Start of RECORDS FOR THIS EXERCISE

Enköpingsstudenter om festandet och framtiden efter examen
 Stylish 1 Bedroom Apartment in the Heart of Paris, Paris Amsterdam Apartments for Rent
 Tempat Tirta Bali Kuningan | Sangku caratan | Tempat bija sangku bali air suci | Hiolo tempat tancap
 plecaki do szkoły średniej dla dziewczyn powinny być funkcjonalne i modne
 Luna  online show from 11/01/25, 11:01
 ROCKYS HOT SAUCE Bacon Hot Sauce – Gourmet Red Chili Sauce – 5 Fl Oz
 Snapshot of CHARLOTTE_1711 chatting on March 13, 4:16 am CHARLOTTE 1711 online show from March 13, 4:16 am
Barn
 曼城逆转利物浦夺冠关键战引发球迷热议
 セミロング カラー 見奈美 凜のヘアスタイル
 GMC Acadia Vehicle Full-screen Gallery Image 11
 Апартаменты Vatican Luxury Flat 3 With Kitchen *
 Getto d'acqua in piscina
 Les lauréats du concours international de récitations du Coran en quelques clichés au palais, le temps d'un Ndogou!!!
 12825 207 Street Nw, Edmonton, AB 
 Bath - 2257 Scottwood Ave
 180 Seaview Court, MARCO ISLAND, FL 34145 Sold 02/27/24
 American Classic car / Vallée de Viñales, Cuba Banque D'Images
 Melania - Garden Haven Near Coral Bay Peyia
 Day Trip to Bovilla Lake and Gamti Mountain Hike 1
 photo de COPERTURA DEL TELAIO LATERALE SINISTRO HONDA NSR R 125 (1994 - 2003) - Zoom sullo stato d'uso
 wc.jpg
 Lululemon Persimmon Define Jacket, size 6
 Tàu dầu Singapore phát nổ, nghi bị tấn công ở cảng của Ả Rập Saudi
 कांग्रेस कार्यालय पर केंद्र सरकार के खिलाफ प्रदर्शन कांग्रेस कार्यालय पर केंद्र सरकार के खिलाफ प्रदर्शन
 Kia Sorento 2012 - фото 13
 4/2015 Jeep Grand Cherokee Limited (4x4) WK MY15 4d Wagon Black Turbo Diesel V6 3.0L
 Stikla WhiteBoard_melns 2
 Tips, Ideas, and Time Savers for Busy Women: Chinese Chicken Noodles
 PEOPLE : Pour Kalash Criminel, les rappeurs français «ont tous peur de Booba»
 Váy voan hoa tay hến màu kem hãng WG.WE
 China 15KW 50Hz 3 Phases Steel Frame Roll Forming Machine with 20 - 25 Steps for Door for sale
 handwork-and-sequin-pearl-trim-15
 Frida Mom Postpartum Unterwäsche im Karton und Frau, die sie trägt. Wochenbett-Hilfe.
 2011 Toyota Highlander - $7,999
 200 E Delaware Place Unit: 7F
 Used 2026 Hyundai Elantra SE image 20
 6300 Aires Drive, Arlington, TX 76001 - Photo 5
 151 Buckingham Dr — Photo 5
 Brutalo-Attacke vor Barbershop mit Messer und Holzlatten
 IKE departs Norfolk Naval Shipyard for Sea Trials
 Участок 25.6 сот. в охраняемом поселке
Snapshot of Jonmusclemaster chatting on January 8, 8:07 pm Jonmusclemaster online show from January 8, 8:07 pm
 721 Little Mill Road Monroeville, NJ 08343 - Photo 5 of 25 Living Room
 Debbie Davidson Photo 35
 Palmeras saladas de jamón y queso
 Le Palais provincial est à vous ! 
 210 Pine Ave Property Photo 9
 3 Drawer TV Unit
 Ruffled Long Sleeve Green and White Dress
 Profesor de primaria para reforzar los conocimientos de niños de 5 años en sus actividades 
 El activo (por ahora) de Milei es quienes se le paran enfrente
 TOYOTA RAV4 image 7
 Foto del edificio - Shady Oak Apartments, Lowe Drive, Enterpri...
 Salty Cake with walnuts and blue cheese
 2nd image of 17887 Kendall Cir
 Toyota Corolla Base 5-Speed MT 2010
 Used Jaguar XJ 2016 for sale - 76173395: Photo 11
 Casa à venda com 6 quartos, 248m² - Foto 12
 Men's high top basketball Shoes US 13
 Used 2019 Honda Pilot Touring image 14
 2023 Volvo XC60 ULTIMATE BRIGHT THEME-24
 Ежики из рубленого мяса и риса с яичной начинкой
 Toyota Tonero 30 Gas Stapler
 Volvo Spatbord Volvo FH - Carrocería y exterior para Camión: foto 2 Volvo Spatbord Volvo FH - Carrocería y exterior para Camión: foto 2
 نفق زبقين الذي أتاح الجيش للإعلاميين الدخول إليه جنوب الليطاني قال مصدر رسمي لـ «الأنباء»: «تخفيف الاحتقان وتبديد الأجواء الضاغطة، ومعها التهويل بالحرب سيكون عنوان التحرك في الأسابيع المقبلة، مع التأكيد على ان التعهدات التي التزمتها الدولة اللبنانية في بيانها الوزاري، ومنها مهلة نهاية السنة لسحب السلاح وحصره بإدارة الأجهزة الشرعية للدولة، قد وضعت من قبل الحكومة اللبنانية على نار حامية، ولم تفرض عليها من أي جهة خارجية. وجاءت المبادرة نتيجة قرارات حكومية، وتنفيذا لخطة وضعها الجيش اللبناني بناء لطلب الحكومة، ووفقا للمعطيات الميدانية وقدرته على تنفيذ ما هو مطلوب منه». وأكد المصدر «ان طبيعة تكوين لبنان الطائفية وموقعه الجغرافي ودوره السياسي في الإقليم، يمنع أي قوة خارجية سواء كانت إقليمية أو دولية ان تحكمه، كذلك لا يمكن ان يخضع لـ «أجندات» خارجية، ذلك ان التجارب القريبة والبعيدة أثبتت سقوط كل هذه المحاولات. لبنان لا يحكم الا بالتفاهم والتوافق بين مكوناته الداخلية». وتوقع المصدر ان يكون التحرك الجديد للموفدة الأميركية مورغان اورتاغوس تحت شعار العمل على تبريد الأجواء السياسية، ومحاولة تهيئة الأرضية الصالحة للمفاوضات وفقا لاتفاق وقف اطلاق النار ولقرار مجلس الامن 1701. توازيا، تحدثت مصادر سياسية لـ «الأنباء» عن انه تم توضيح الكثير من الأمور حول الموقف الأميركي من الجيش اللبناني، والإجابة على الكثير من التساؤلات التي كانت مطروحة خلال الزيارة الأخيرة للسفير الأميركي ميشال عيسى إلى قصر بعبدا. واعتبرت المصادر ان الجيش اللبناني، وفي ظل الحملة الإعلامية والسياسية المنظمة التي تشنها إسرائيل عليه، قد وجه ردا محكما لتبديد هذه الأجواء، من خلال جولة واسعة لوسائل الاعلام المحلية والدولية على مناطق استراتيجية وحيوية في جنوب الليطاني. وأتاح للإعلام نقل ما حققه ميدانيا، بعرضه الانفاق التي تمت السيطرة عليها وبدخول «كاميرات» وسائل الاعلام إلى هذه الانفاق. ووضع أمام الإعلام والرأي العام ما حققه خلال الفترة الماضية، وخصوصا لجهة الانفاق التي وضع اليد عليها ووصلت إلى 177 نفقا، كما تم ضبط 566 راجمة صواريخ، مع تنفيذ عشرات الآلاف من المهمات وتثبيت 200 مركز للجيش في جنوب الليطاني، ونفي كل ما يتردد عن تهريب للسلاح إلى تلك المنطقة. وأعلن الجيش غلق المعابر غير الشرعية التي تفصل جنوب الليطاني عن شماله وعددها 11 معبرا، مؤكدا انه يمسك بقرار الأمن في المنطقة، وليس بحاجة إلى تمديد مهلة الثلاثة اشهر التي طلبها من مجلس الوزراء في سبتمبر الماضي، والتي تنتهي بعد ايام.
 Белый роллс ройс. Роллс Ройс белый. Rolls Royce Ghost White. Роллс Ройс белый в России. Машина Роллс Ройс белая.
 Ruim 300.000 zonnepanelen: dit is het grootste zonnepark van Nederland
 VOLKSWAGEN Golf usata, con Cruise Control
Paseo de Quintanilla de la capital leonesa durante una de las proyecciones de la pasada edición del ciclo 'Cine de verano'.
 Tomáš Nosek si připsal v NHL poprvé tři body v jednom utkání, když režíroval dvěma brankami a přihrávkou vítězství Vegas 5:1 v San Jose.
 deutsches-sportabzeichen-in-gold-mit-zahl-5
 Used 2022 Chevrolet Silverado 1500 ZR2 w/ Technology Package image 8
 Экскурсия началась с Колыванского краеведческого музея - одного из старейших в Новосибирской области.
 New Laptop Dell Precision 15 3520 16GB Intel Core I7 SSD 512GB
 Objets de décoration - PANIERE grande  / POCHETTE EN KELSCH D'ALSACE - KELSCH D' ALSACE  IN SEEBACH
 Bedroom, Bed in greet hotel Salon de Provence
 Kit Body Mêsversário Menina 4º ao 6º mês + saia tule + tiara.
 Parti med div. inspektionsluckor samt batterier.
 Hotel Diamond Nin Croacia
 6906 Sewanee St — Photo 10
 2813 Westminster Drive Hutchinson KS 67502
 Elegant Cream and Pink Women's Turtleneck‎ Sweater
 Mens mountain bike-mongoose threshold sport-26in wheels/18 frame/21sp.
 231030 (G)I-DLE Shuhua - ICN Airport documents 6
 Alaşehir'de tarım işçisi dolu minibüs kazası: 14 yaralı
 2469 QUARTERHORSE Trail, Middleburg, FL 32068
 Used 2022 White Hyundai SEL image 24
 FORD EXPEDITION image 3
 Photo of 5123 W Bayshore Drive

End of RECORDS FOR THIS EXERCISE

▶ [EXERCISE OBJECTIVE] Reproduce exactly the entries above, limited to the lines from the one with "Used 2019 Honda Pilot Touring image 14" through the one with "foto 2 Volvo", both included.

▶ [YOUR SOLUTION]
 Used 2019 Honda Pilot Touring image 14
 2023 Volvo XC60 ULTIMATE BRIGHT THEME-24
 Ежики из рубленого мяса и риса с яичной начинкой
 Toyota Tonero 30 Gas Stapler
 Volvo Spatbord Volvo FH - Carrocería y exterior para Camión: foto 2 Volvo Spatbord Volvo FH - Carrocería y exterior para Camión: foto 2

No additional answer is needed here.